Наконец-то Жюльена уходит. Не знаю, что будет есть сегодня ее муж, — ведь уже полдень. Моя матушка не меньше любит поболтать, но хоть работает без остановки — говорит и что-то делает, — наверное, потому все их шушукания и устраиваются всегда у нас. Все готово — изысканное меню: сельдерей под острым соусом, рагу из белого мяса под белым соусом, лук-порей в сухарях. В последний момент мамаша Колю, обследовав яблоки в своей вазе, выбирает самые круглые — анисовки и грушовки, с которых шкурка срезается за один раз и ложится красивой спиралью, а из яблока легко выбрать семечки и кусочками нарезать его в миску, полную теста на яйце. Масло кипит в латке, и уже по одному запаху все в квартале знают, что мы будем есть пончики.

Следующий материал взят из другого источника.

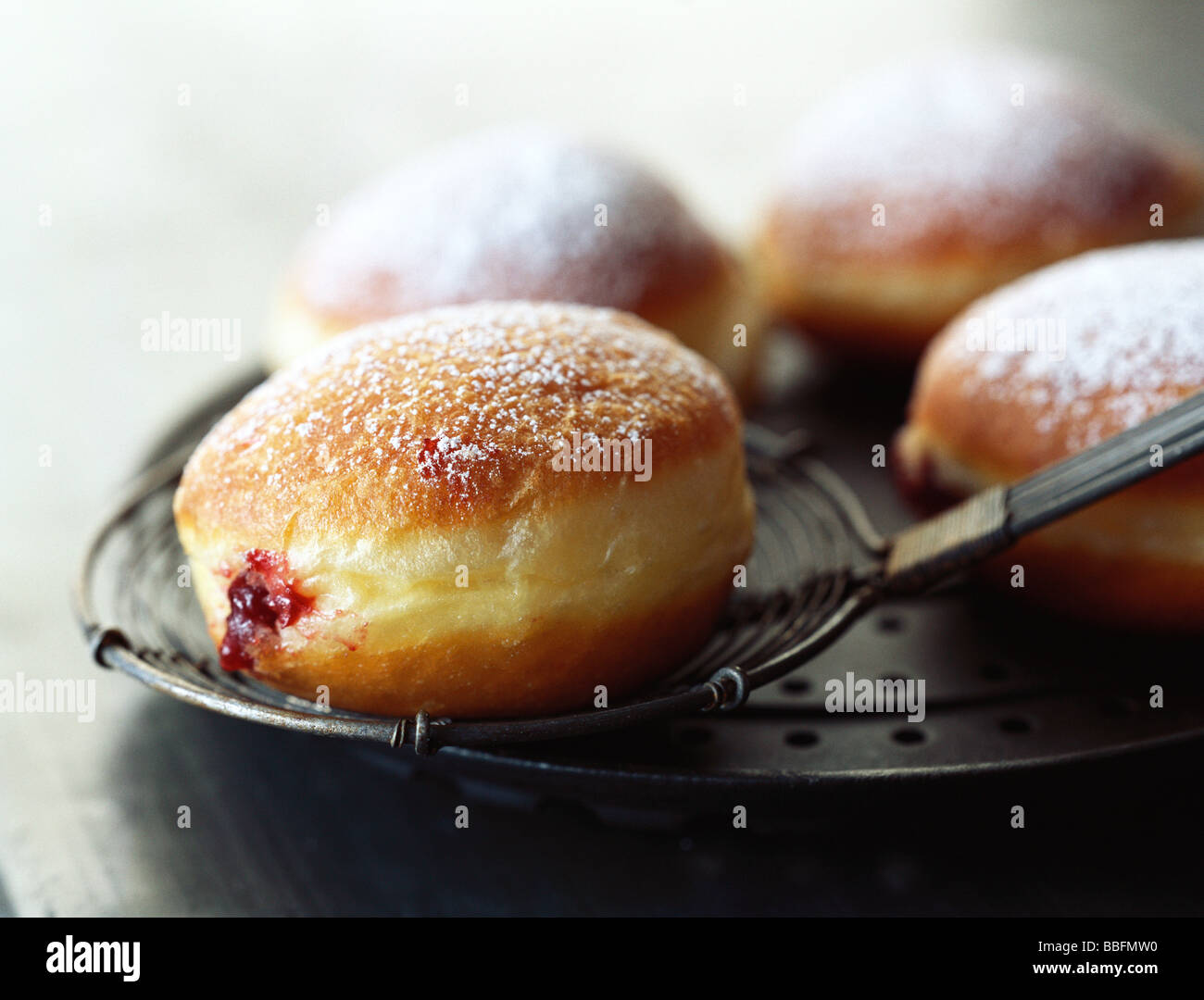 Ripieni di marmellata ciambella spolverata con zucchero a velo Foto Stock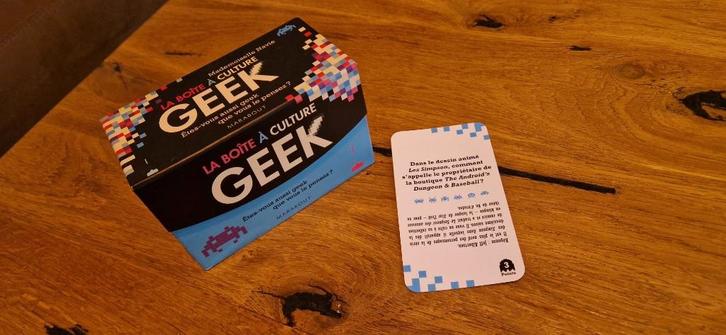 Jeux - La boite à culture GEEK, Hobby en Vrije tijd, Gezelschapsspellen | Kaartspellen, Zo goed als nieuw, Vijf spelers of meer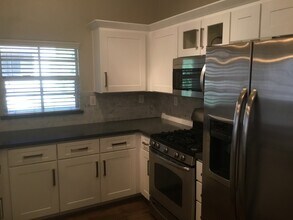7660 W Eldorado Ln in Las Vegas, NV - Building Photo - Building Photo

— Зови отца, — говорит мамаша Колю.

Ну, можно вздохнуть с облегчением — ведь обычно она садится за стол, намеренно не предупреждая его. Больше того: она поставила ему прибор и, могу поклясться, придумала этот десерт, обычно исключенный из наших меню, потому что мой отец обожает все мучное, жареное, с хрустящей корочкой. Ясно! Он для нее не существовал, но, поскольку он решил уйти из жизни, она снова признала его существование — она вернула ему это право, чтобы он наконец ушел, чтобы сам принял решение и перестал существовать. Ступай, Колю, исчезни — мы дадим тебе за это пончик.

Я могу не утруждать себя — вот и он, послушный часу или зову желудка. Он входит, массируя руки, потирая шею под воротником куртки; он дергает носом, так как масло, наполняя комнату ароматом, кипит так сильно, что даже воздух стал голубым.